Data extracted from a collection
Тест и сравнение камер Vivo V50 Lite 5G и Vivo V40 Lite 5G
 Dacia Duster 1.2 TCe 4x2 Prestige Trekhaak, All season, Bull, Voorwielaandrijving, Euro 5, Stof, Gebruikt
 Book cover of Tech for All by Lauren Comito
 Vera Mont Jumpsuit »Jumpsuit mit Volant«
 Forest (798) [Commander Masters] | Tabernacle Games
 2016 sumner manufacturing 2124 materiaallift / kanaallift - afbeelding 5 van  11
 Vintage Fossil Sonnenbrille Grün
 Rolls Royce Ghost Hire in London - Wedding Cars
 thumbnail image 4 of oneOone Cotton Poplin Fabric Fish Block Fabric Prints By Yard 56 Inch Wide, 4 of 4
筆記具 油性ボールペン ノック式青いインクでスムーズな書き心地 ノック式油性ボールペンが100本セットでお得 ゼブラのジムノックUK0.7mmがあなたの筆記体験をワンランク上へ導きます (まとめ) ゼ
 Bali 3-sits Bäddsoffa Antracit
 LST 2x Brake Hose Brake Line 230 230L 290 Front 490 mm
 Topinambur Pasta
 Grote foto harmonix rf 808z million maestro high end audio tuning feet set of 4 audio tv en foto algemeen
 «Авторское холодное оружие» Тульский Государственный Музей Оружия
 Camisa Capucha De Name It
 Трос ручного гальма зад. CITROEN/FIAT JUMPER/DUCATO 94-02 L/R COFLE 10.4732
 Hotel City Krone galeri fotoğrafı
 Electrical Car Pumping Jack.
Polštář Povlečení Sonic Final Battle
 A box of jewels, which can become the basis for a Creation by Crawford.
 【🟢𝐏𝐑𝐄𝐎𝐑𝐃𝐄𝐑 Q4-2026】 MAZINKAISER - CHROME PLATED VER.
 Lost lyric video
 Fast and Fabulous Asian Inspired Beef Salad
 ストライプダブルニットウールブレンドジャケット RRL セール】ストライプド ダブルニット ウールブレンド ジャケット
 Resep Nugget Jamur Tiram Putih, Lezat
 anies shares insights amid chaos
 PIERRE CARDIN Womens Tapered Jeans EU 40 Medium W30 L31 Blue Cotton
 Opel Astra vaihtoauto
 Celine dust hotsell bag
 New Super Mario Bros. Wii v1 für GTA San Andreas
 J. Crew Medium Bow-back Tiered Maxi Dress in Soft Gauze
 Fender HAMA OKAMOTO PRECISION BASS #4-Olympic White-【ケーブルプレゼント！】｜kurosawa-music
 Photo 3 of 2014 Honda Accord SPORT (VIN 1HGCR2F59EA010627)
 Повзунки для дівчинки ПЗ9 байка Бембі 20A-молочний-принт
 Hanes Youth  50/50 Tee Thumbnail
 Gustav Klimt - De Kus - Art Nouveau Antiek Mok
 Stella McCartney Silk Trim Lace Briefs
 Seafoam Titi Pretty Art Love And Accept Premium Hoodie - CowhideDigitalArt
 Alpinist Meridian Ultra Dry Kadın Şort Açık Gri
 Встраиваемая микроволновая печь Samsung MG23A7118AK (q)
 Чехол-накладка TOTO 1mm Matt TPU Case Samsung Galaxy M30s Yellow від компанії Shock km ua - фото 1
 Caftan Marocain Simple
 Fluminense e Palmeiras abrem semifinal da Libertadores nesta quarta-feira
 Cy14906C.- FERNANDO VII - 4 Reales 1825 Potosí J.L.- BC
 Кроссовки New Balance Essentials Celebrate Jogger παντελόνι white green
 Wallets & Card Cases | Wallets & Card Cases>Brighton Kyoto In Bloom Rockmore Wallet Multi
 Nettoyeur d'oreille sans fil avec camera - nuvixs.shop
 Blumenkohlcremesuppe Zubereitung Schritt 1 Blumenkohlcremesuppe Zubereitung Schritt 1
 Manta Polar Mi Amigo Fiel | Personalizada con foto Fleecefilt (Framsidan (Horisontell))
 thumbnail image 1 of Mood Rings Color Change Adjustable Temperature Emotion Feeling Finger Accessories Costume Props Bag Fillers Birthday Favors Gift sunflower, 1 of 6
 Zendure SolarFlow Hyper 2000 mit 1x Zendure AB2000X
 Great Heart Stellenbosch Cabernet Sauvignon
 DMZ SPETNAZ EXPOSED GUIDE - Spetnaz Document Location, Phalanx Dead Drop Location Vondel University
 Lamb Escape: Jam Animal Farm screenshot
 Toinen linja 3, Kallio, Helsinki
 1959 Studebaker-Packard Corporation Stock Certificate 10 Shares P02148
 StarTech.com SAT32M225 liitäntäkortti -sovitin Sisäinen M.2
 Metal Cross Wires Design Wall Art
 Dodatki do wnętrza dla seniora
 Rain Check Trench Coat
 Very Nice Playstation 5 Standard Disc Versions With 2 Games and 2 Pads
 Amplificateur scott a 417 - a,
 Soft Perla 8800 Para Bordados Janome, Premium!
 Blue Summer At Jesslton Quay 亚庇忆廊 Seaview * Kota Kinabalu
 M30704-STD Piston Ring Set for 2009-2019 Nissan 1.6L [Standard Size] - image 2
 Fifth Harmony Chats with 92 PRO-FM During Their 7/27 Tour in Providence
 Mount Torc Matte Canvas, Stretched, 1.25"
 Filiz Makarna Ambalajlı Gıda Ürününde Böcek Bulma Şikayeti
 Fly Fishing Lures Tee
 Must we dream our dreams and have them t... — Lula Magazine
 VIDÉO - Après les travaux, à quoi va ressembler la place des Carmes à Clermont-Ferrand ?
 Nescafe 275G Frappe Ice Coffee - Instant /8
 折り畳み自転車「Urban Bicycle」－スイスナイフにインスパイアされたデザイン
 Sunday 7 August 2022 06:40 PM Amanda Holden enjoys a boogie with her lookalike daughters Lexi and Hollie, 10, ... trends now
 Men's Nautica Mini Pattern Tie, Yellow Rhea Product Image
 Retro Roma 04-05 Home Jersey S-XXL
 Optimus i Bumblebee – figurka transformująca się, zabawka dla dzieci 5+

• [Problem to work on] The records given above are to be repeated in full, exactly.

• [Exercise response]
Тест и сравнение камер Vivo V50 Lite 5G и Vivo V40 Lite 5G
 Dacia Duster 1.2 TCe 4x2 Prestige Trekhaak, All season, Bull, Voorwielaandrijving, Euro 5, Stof, Gebruikt
 Book cover of Tech for All by Lauren Comito
 Vera Mont Jumpsuit »Jumpsuit mit Volant«
 Forest (798) [Commander Masters] | Tabernacle Games
 2016 sumner manufacturing 2124 materiaallift / kanaallift - afbeelding 5 van  11
 Vintage Fossil Sonnenbrille Grün
 Rolls Royce Ghost Hire in London - Wedding Cars
 thumbnail image 4 of oneOone Cotton Poplin Fabric Fish Block Fabric Prints By Yard 56 Inch Wide, 4 of 4
筆記具 油性ボールペン ノック式青いインクでスムーズな書き心地 ノック式油性ボールペンが100本セットでお得 ゼブラのジムノックUK0.7mmがあなたの筆記体験をワンランク上へ導きます (まとめ) ゼ
 Bali 3-sits Bäddsoffa Antracit
 LST 2x Brake Hose Brake Line 230 230L 290 Front 490 mm
 Topinambur Pasta
 Grote foto harmonix rf 808z million maestro high end audio tuning feet set of 4 audio tv en foto algemeen
 «Авторское холодное оружие» Тульский Государственный Музей Оружия
 Camisa Capucha De Name It
 Трос ручного гальма зад. CITROEN/FIAT JUMPER/DUCATO 94-02 L/R COFLE 10.4732
 Hotel City Krone galeri fotoğrafı
 Electrical Car Pumping Jack.
Polštář Povlečení Sonic Final Battle
 A box of jewels, which can become the basis for a Creation by Crawford.
 【🟢𝐏𝐑𝐄𝐎𝐑𝐃𝐄𝐑 Q4-2026】 MAZINKAISER - CHROME PLATED VER.
 Lost lyric video
 Fast and Fabulous Asian Inspired Beef Salad
 ストライプダブルニットウールブレンドジャケット RRL セール】ストライプド ダブルニット ウールブレンド ジャケット
 Resep Nugget Jamur Tiram Putih, Lezat
 anies shares insights amid chaos
 PIERRE CARDIN Womens Tapered Jeans EU 40 Medium W30 L31 Blue Cotton
 Opel Astra vaihtoauto
 Celine dust hotsell bag
 New Super Mario Bros. Wii v1 für GTA San Andreas
 J. Crew Medium Bow-back Tiered Maxi Dress in Soft Gauze
 Fender HAMA OKAMOTO PRECISION BASS #4-Olympic White-【ケーブルプレゼント！】｜kurosawa-music
 Photo 3 of 2014 Honda Accord SPORT (VIN 1HGCR2F59EA010627)
 Повзунки для дівчинки ПЗ9 байка Бембі 20A-молочний-принт
 Hanes Youth  50/50 Tee Thumbnail
 Gustav Klimt - De Kus - Art Nouveau Antiek Mok
 Stella McCartney Silk Trim Lace Briefs
 Seafoam Titi Pretty Art Love And Accept Premium Hoodie - CowhideDigitalArt
 Alpinist Meridian Ultra Dry Kadın Şort Açık Gri
 Встраиваемая микроволновая печь Samsung MG23A7118AK (q)
 Чехол-накладка TOTO 1mm Matt TPU Case Samsung Galaxy M30s Yellow від компанії Shock km ua - фото 1
 Caftan Marocain Simple
 Fluminense e Palmeiras abrem semifinal da Libertadores nesta quarta-feira
 Cy14906C.- FERNANDO VII - 4 Reales 1825 Potosí J.L.- BC
 Кроссовки New Balance Essentials Celebrate Jogger παντελόνι white green
 Wallets & Card Cases | Wallets & Card Cases>Brighton Kyoto In Bloom Rockmore Wallet Multi
 Nettoyeur d'oreille sans fil avec camera - nuvixs.shop
 Blumenkohlcremesuppe Zubereitung Schritt 1 Blumenkohlcremesuppe Zubereitung Schritt 1
 Manta Polar Mi Amigo Fiel | Personalizada con foto Fleecefilt (Framsidan (Horisontell))
 thumbnail image 1 of Mood Rings Color Change Adjustable Temperature Emotion Feeling Finger Accessories Costume Props Bag Fillers Birthday Favors Gift sunflower, 1 of 6
 Zendure SolarFlow Hyper 2000 mit 1x Zendure AB2000X
 Great Heart Stellenbosch Cabernet Sauvignon
 DMZ SPETNAZ EXPOSED GUIDE - Spetnaz Document Location, Phalanx Dead Drop Location Vondel University
 Lamb Escape: Jam Animal Farm screenshot
 Toinen linja 3, Kallio, Helsinki
 1959 Studebaker-Packard Corporation Stock Certificate 10 Shares P02148
 StarTech.com SAT32M225 liitäntäkortti -sovitin Sisäinen M.2
 Metal Cross Wires Design Wall Art
 Dodatki do wnętrza dla seniora
 Rain Check Trench Coat
 Very Nice Playstation 5 Standard Disc Versions With 2 Games and 2 Pads
 Amplificateur scott a 417 - a,
 Soft Perla 8800 Para Bordados Janome, Premium!
 Blue Summer At Jesslton Quay 亚庇忆廊 Seaview * Kota Kinabalu
 M30704-STD Piston Ring Set for 2009-2019 Nissan 1.6L [Standard Size] - image 2
 Fifth Harmony Chats with 92 PRO-FM During Their 7/27 Tour in Providence
 Mount Torc Matte Canvas, Stretched, 1.25"
 Filiz Makarna Ambalajlı Gıda Ürününde Böcek Bulma Şikayeti
 Fly Fishing Lures Tee
 Must we dream our dreams and have them t... — Lula Magazine
 VIDÉO - Après les travaux, à quoi va ressembler la place des Carmes à Clermont-Ferrand ?
 Nescafe 275G Frappe Ice Coffee - Instant /8
 折り畳み自転車「Urban Bicycle」－スイスナイフにインスパイアされたデザイン
 Sunday 7 August 2022 06:40 PM Amanda Holden enjoys a boogie with her lookalike daughters Lexi and Hollie, 10, ... trends now
 Men's Nautica Mini Pattern Tie, Yellow Rhea Product Image
 Retro Roma 04-05 Home Jersey S-XXL
 Optimus i Bumblebee – figurka transformująca się, zabawka dla dzieci 5+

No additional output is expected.